Así, se ha constituido en un animal político resistido que, al igual que su antípoda ideológico, Gonzalo Sánchez de Lozada, no puede cruzar la frontera y volver a Cochabamba. Esa condición lo ubica como blanco perfecto para que sus actuales adversarios (Mesa) y enemigos (Camacho) políticos busquen encarnar el antievismo para sacar réditos electorales.

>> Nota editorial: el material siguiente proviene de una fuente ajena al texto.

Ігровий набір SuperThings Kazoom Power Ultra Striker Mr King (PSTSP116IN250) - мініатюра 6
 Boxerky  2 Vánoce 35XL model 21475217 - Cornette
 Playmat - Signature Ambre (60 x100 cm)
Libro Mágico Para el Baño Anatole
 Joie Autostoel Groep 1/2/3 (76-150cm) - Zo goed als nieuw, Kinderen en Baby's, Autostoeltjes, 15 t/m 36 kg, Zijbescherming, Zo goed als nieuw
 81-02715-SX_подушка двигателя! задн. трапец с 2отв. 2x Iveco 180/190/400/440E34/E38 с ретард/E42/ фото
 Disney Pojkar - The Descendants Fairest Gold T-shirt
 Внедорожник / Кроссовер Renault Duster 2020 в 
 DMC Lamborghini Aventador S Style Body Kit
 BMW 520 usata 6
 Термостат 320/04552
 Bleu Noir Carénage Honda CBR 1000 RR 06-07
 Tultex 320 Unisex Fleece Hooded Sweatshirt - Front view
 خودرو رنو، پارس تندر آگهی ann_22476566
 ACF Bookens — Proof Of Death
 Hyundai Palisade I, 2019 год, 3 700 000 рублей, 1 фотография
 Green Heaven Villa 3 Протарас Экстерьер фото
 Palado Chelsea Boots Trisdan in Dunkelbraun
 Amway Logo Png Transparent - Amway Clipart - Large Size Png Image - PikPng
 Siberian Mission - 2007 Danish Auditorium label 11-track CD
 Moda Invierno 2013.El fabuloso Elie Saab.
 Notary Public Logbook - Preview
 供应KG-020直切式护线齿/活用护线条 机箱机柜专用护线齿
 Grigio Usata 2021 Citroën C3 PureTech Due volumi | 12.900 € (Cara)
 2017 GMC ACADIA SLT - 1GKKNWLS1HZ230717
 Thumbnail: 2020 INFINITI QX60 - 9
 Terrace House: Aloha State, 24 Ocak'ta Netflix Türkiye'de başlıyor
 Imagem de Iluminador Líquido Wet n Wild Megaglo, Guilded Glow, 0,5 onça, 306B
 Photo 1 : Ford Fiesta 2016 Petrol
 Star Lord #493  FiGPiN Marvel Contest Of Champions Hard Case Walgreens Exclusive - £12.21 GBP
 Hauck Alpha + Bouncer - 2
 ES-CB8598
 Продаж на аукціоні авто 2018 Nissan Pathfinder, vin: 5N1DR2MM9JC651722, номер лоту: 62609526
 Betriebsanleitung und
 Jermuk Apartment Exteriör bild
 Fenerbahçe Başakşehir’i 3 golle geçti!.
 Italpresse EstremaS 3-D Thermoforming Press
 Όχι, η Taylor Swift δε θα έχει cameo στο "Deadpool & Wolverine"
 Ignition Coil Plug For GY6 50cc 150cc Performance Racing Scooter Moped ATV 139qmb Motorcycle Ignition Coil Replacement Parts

Todas las agrupaciones partidarias tienen sus respectivos programas de gobierno con planteamientos panegíricos sobre el papá Estado, pero sin plantear un nuevo relato con pretensiones hegemónicas y capacidad de generar otro sentido común: todavía juegan bajo los parámetros discursivos del proceso de cambio, pero sin cambiar nada. No obstante, los candidatos en disputa tienen sus respectivos perfiles políticos que han marcado tendencias. Veamos.

Luis Fernando Camacho produce un discurso donde predominan tres connotaciones: confesional, regional y juvenil. Un marco ideológico (religioso) que tiene una identidad (región) y representa una nueva clase política (limpia, sin corrupción). 

La paradoja es que mientras pretende reflejar sangre nueva en la política, pero negando su condición de animal político, recurre a la veta religiosa para impactar en los creyentes. Es decir, mira al futuro, pero anclado en un factor de poder de la época medieval. No obstante, es una estrategia –con el factor regional- que, por ahora, le está dando resultados. Un hecho que preocupa a intelectuales y militantes de Comunidad Ciudadana.

Carlos Diego Mesa, con su capital cultural de hombre intelectual, quiere posicionar la idea de que es un actor político del centro republicano, donde prevalece la moderación, entendimiento y consenso. Sin embargo, su limitada pasión en los discursos y la ambivalencia en sus decisiones políticas pasadas, lo proyectan, principalmente en Santa Cruz, como un dirigente dubitativo y poco atrevido para los necesarios cambios de orden político y económico en el futuro próximo.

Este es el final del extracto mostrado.